Images of clinical conditions of patients I and II after 4 years of rehabilitation or T3. (a) Resting posture of patient I. (b) Resting posture of patient II. (c) Facial profile of patient I. (d) Facial profile of patient II. (e) Smile of patient I. (f) Smile of patient II.

3. Discussion

Cephalometry is a standardized method of assessing dental and facial proportions and their interrelation [11]. In the technique, the patient is positioned within the cephalostat using adjustable ear rods placed within each auditory meatus. The mid sagittal plane of the patient is vertical and perpendicular to the X-ray beam, and the visual axis is horizontal so that the patient is positioned with the head held in the natural position [9]. Kundel states that image quality consists of three factors: image fidelity, image informativeness, and image attractiveness. All of these factors should be evaluated when the image of a given system is being assessed.

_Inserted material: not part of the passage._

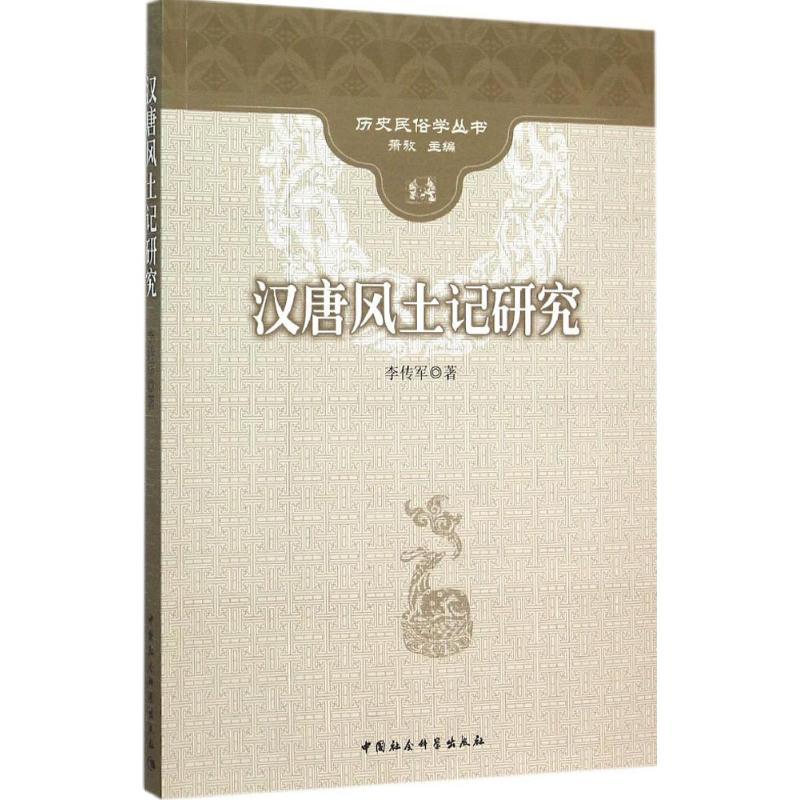 正版新书】汉唐风土记研究李传军9787516165270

Image fidelity refers to an accurate reproducibility of the structures [12]. In this case report, while the patients assumed an upper and lower arches position determined by the occlusal relation, its measurement was solely based on images of well-defined skeletal details, although the use of soft tissue references can also be used to define the face length [13, 14].

An accurate evaluation of the facial vertical dimension is essential to a successful prosthetic treatment, but the dentist cannot indiscriminately increase or decrease the OVD beyond the patient's physiologic requirements. A cephalometric analysis can represent a solid parameter from which the OVD can be established [3, 15]. OVD is unique for every individual and should not be changed [16] and the measurement of anatomic landmarks of the face can be controversial [3]. The simple Willis compass was developed to give proportional distances in the assessment of OVD [12]. However, because of face asymmetries, the use of only a few clinical anatomical landmarks can be questionable [17]. More recently, different methods of 2D and 3D studies of the soft tissues of the face are suggested [18].

Thus, considering the fact that the lower face height parameter from the Ricketts lateral cephalometric analysis is not obtained from any teeth planes or position, which can vary due to loss of elements or wearing of occlusal surfaces, it can be used as an individual pattern for each patient coadjutant in the establishment of OVD. This analysis can become a permanent part of each patient's record. It is unique for every patient and should not significantly vary throughout the lifetime [3].

4. Conclusion

A well-performed cephalometry can be an accurate and convenient tool to make the treatment planning and prognostic of the occlusal vertical dimension reestablishment more predictable.

Conflict of Interests

The authors have no financial interest in any of the companies mentioned in this paper.